» RECORDS FOR THE EXERCISE
Start of Block

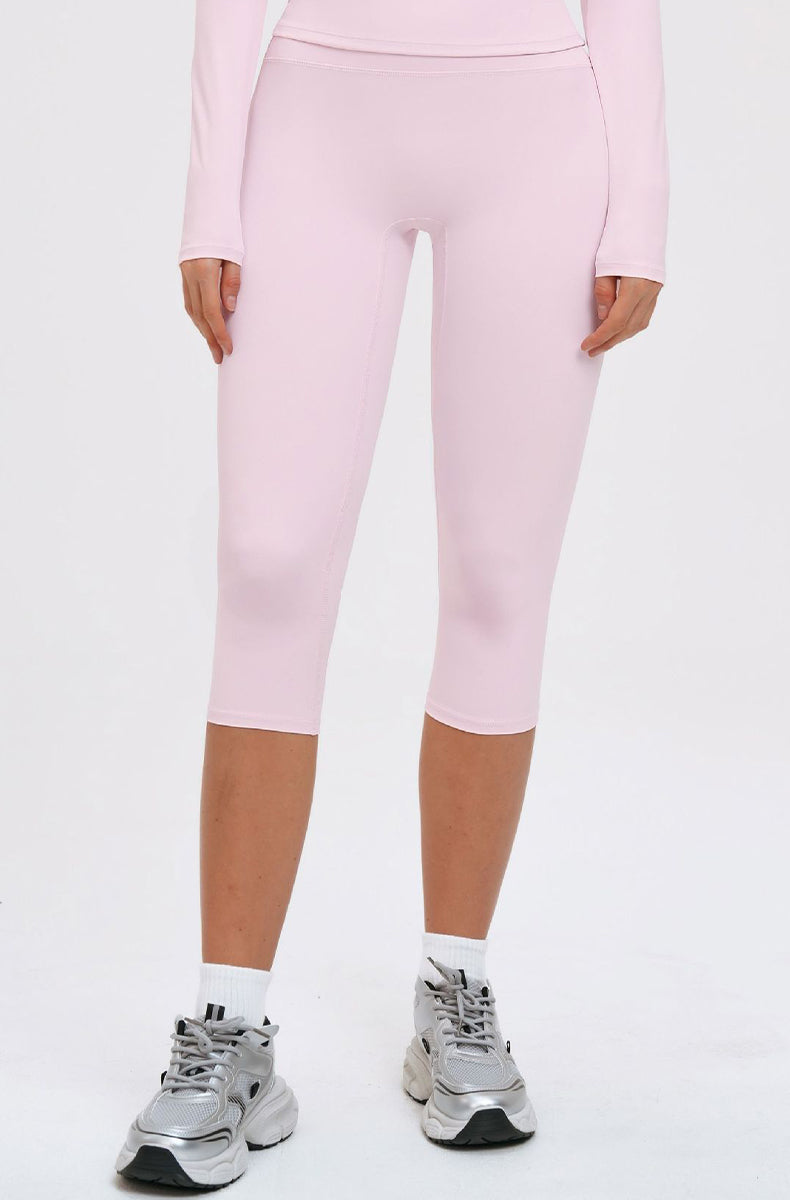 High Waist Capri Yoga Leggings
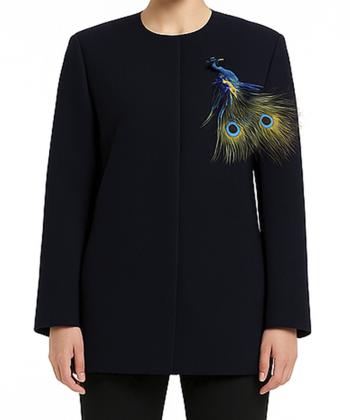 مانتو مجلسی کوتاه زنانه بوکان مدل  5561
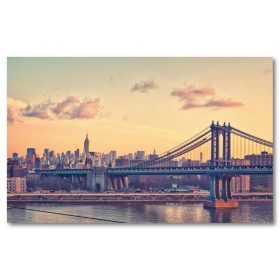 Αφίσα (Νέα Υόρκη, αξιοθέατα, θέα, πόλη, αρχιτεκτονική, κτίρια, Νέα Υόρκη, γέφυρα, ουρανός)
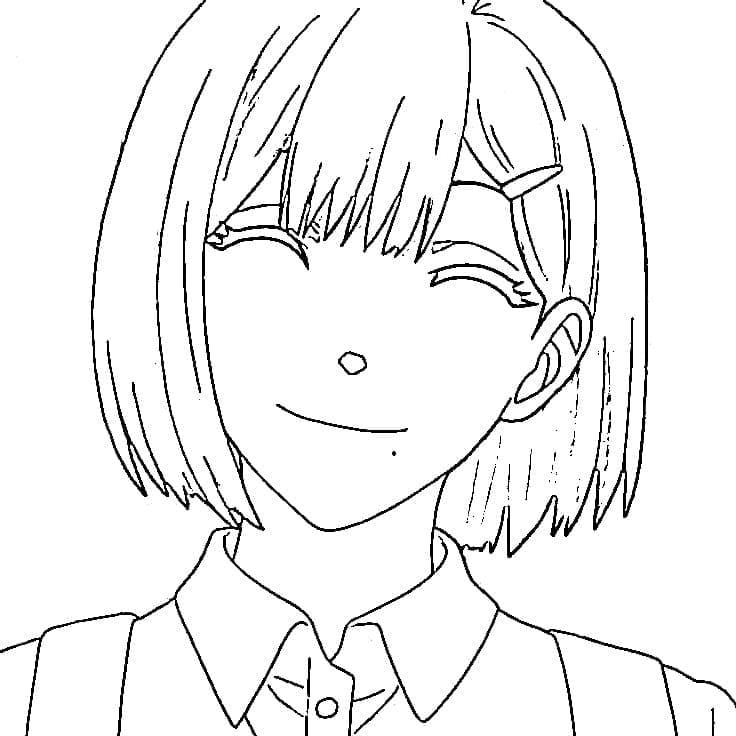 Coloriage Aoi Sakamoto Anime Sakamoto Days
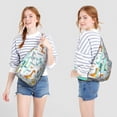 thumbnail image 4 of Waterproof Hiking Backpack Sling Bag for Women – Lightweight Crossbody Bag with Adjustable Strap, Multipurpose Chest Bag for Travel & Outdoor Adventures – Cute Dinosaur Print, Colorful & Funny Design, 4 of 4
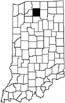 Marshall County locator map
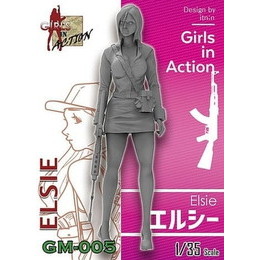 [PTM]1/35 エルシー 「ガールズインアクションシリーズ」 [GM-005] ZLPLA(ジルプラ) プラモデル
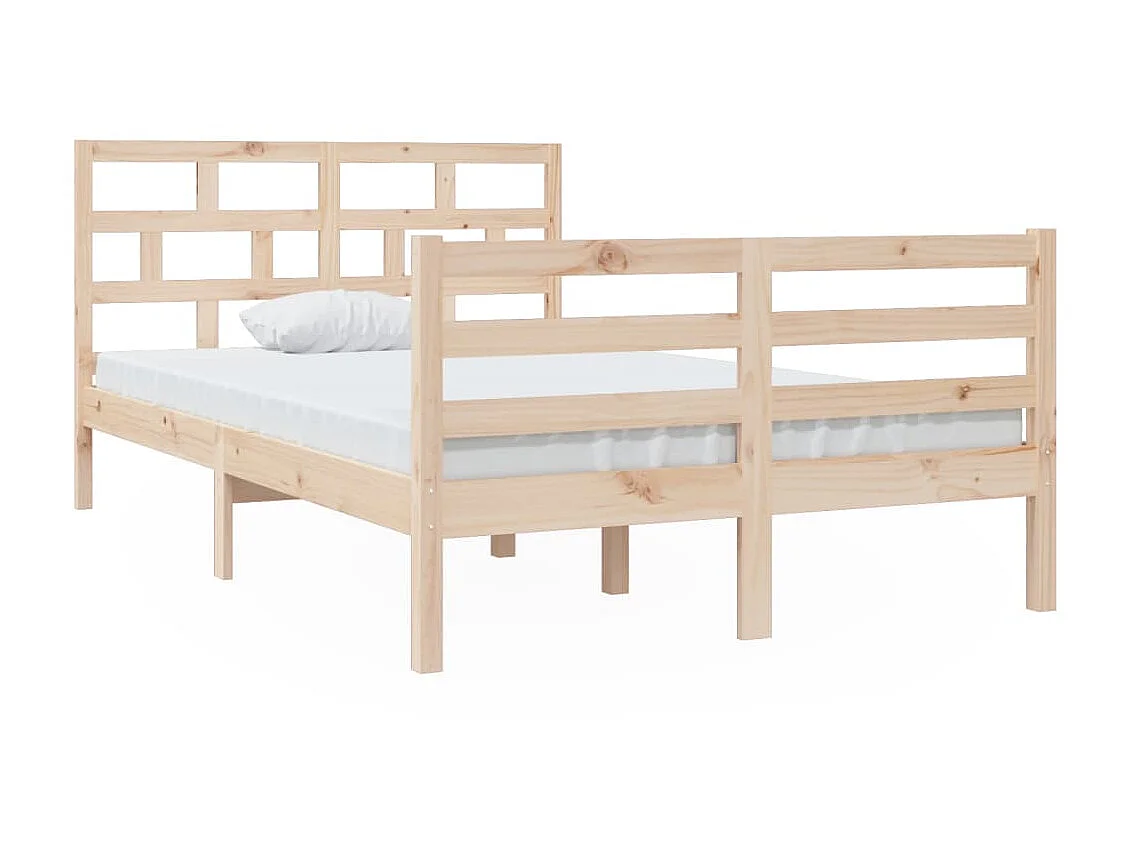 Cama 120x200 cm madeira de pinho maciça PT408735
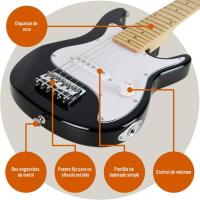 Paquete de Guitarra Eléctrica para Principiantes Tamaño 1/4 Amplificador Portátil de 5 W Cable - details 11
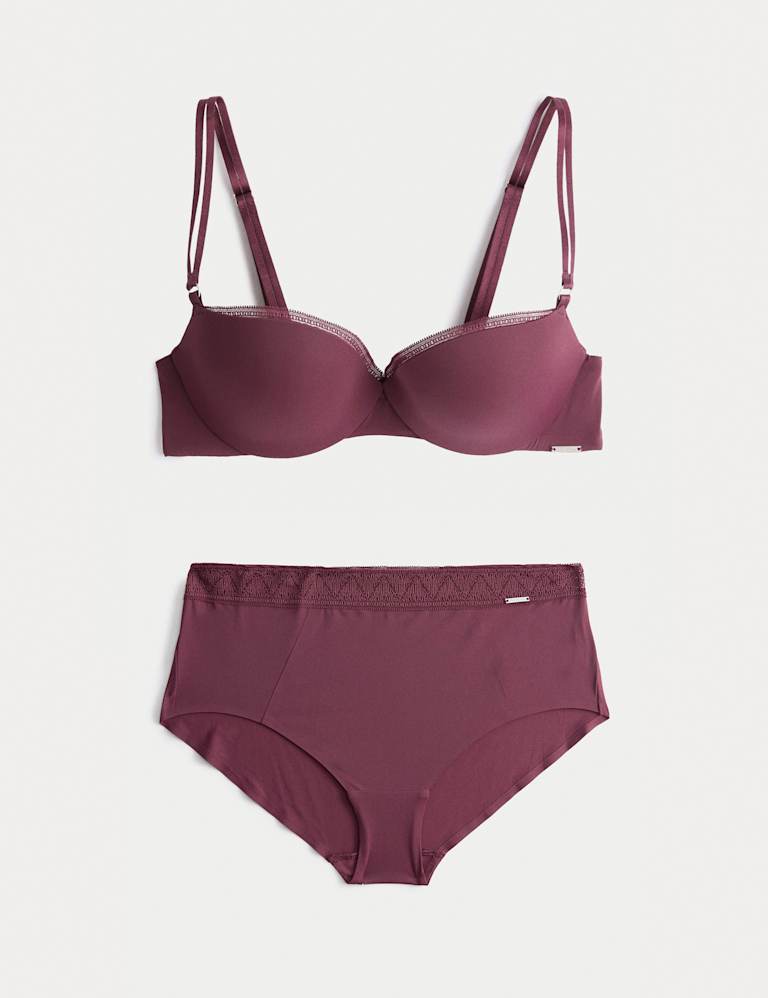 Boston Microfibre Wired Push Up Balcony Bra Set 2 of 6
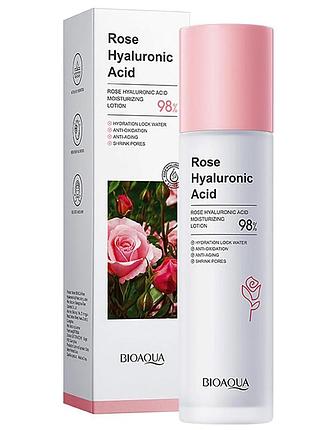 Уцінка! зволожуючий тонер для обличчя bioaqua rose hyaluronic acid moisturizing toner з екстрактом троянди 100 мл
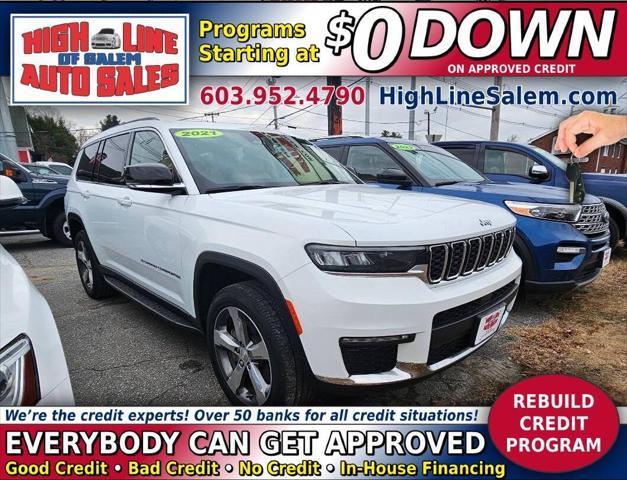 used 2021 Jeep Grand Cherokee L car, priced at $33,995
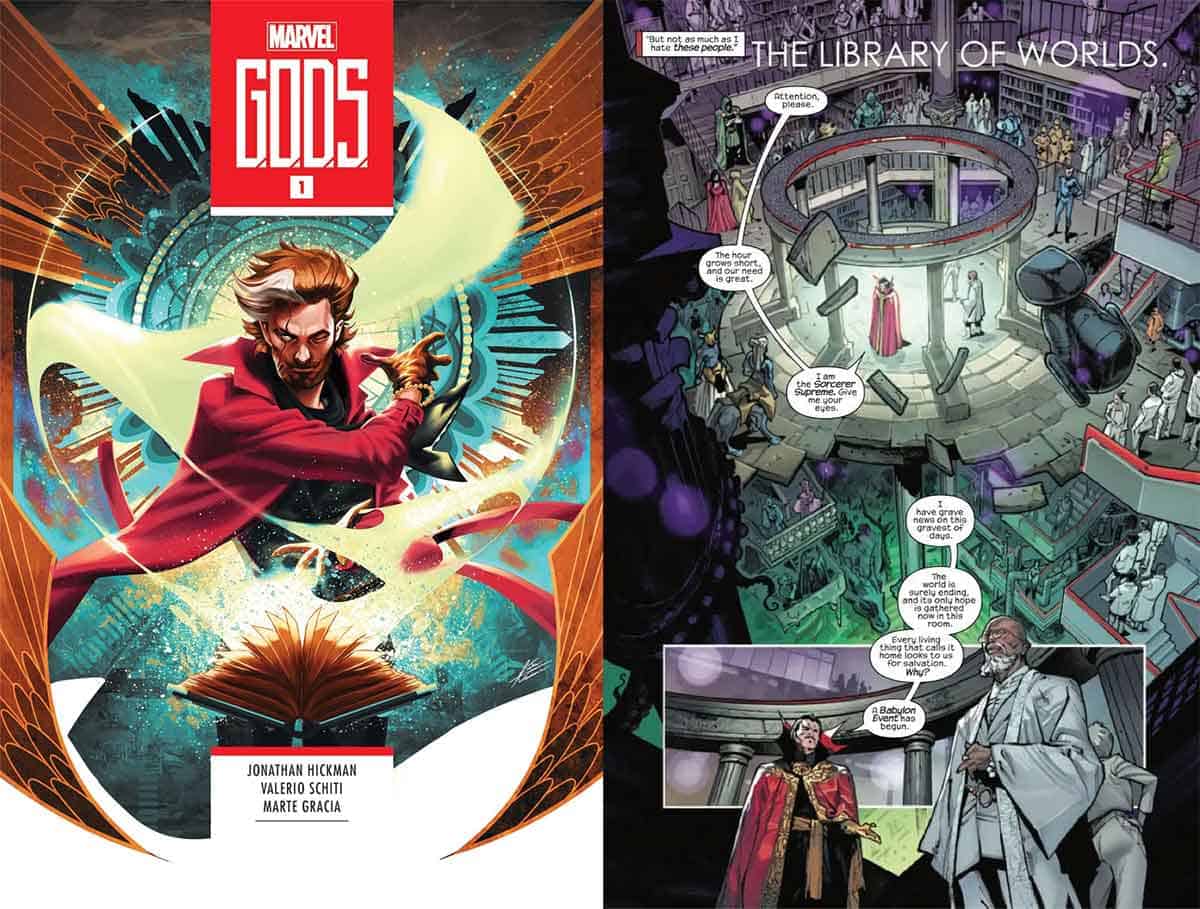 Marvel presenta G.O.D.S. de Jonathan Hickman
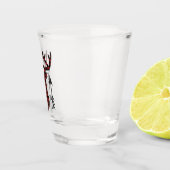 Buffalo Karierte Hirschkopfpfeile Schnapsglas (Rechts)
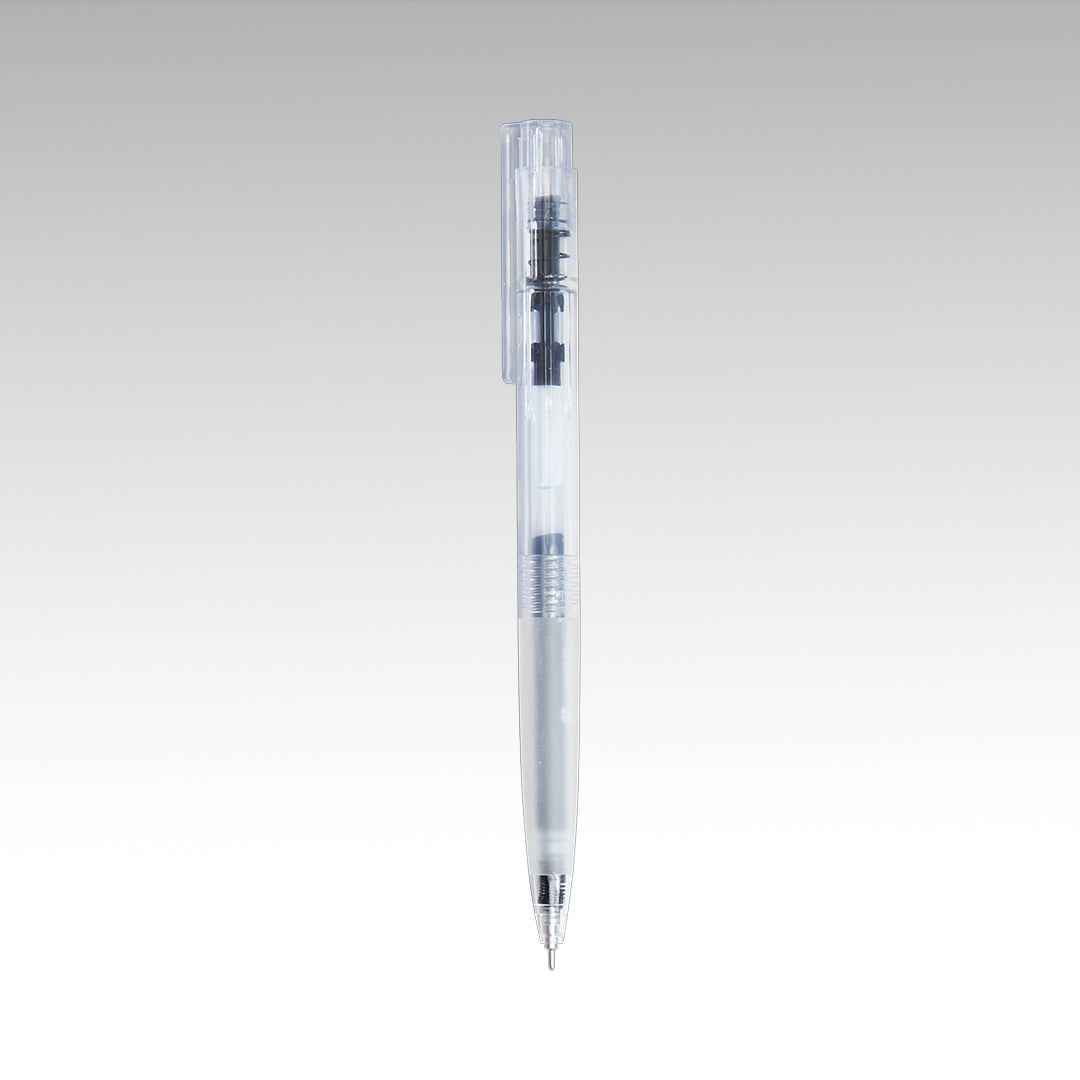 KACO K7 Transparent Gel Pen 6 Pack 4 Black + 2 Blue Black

End of Block

Using the listing above, restate exactly the range between the lines holding "مانتو مجلسی کوتاه" and "used 2021 Jeep", inclusive, with pictures left out.

» FINAL ANSWER
 مانتو مجلسی کوتاه زنانه بوکان مدل  5561
 Αφίσα (Νέα Υόρκη, αξιοθέατα, θέα, πόλη, αρχιτεκτονική, κτίρια, Νέα Υόρκη, γέφυρα, ουρανός)
 Coloriage Aoi Sakamoto Anime Sakamoto Days
 thumbnail image 4 of Waterproof Hiking Backpack Sling Bag for Women – Lightweight Crossbody Bag with Adjustable Strap, Multipurpose Chest Bag for Travel & Outdoor Adventures – Cute Dinosaur Print, Colorful & Funny Design, 4 of 4
 Marshall County locator map
 [PTM]1/35 エルシー 「ガールズインアクションシリーズ」 [GM-005] ZLPLA(ジルプラ) プラモデル
 Cama 120x200 cm madeira de pinho maciça PT408735
 Paquete de Guitarra Eléctrica para Principiantes Tamaño 1/4 Amplificador Portátil de 5 W Cable - details 11
 Boston Microfibre Wired Push Up Balcony Bra Set 2 of 6
 Уцінка! зволожуючий тонер для обличчя bioaqua rose hyaluronic acid moisturizing toner з екстрактом троянди 100 мл
 used 2021 Jeep Grand Cherokee L car, priced at $33,995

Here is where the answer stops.